*** Opening of Data under study ***

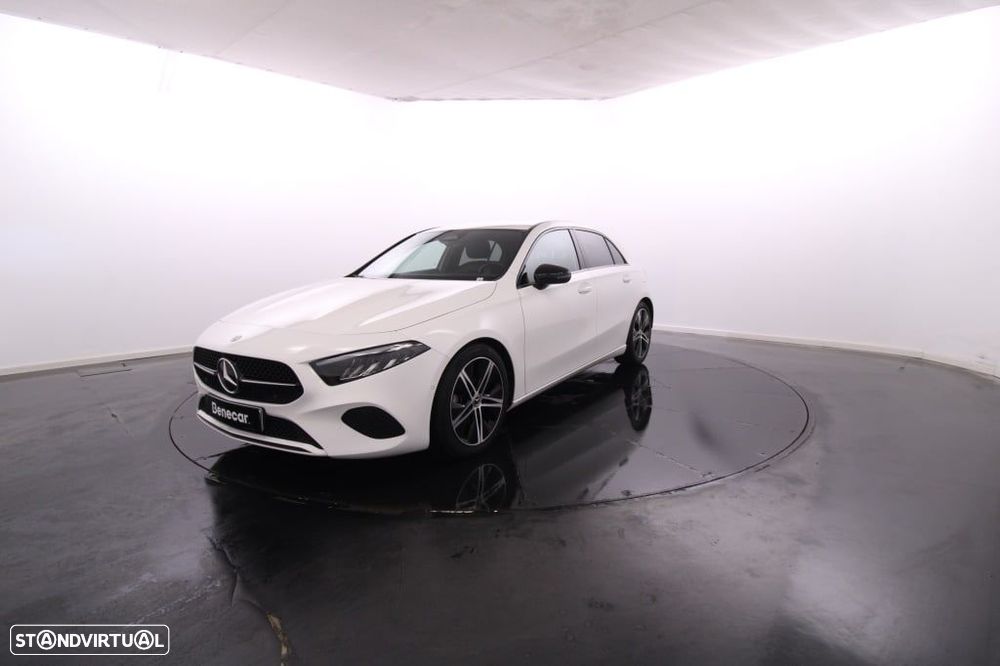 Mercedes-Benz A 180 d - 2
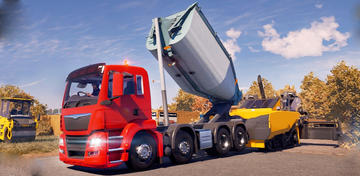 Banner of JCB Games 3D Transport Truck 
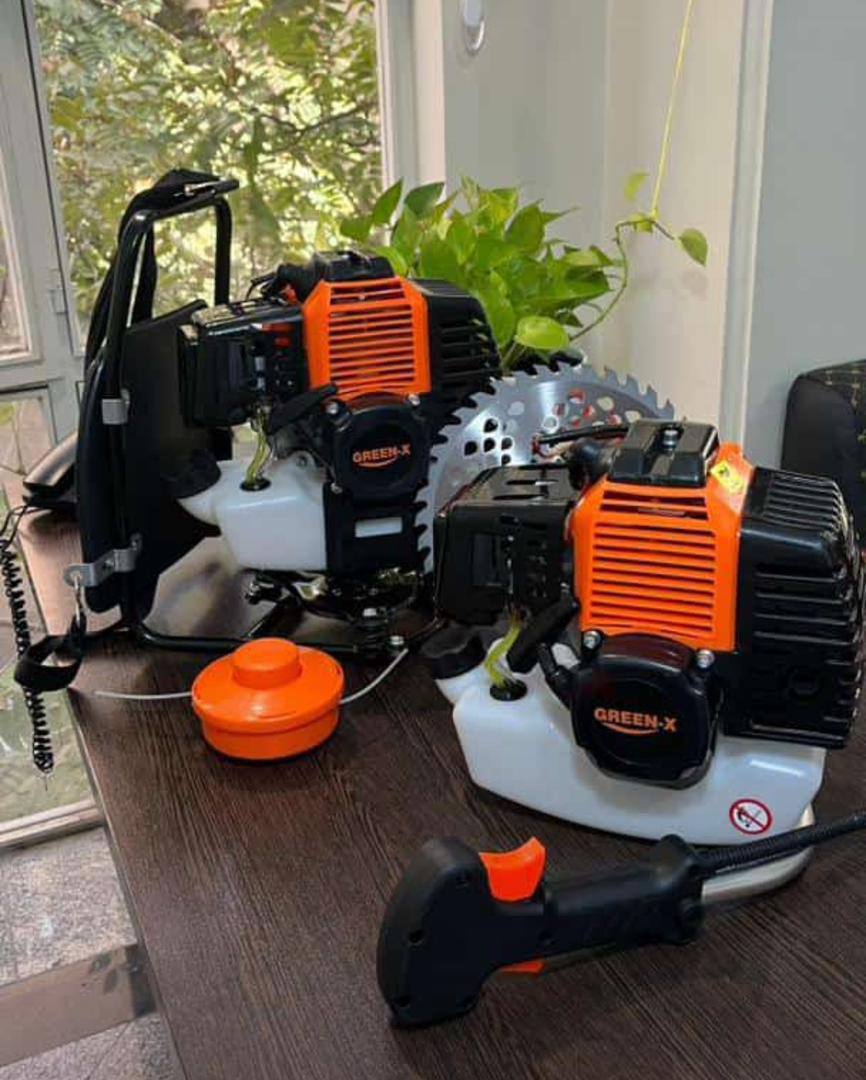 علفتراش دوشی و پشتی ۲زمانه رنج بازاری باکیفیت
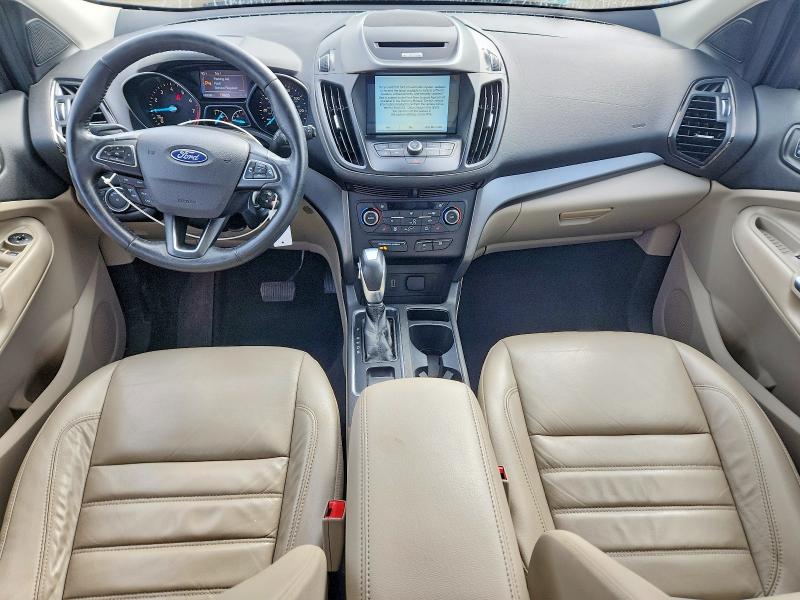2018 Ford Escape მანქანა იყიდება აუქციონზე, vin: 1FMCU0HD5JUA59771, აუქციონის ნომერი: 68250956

*** Close of Data under study ***
*** Opening of Data under study ***

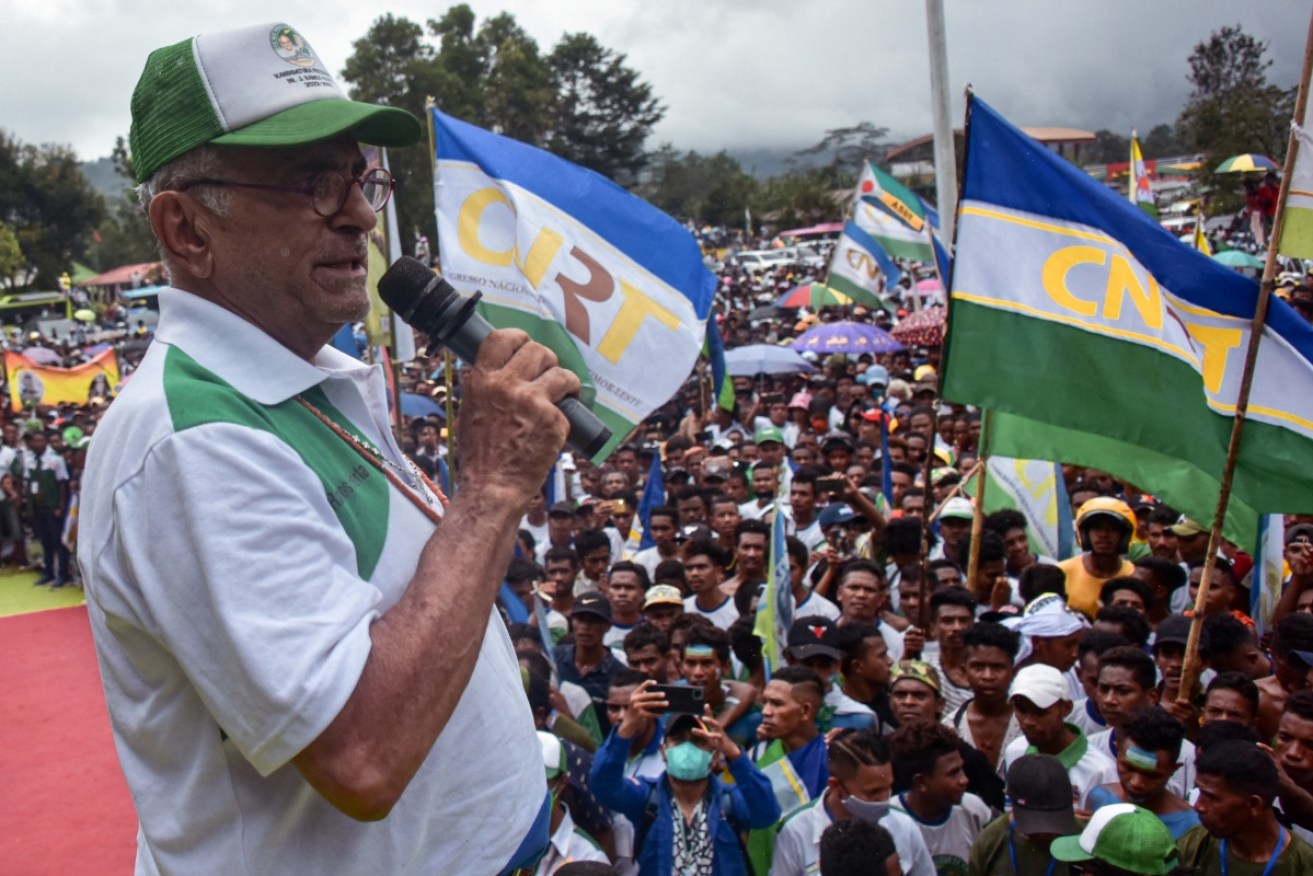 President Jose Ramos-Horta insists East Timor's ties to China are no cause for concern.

*** Close of Data under study ***
*** Opening of Data under study ***

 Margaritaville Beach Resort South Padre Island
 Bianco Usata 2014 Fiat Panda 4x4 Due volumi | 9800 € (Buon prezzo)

*** Close of Data under study ***

» What the task requires
Without the pictures, set down the lines above from the line with "Mercedes-Benz A 180 d - 2" up to and including the line with "2018 Ford Escape" exactly as they stand.

» Result for this task
 Mercedes-Benz A 180 d - 2
 Banner of JCB Games 3D Transport Truck 
 علفتراش دوشی و پشتی ۲زمانه رنج بازاری باکیفیت
2018 Ford Escape მანქანა იყიდება აუქციონზე, vin: 1FMCU0HD5JUA59771, აუქციონის ნომერი: 68250956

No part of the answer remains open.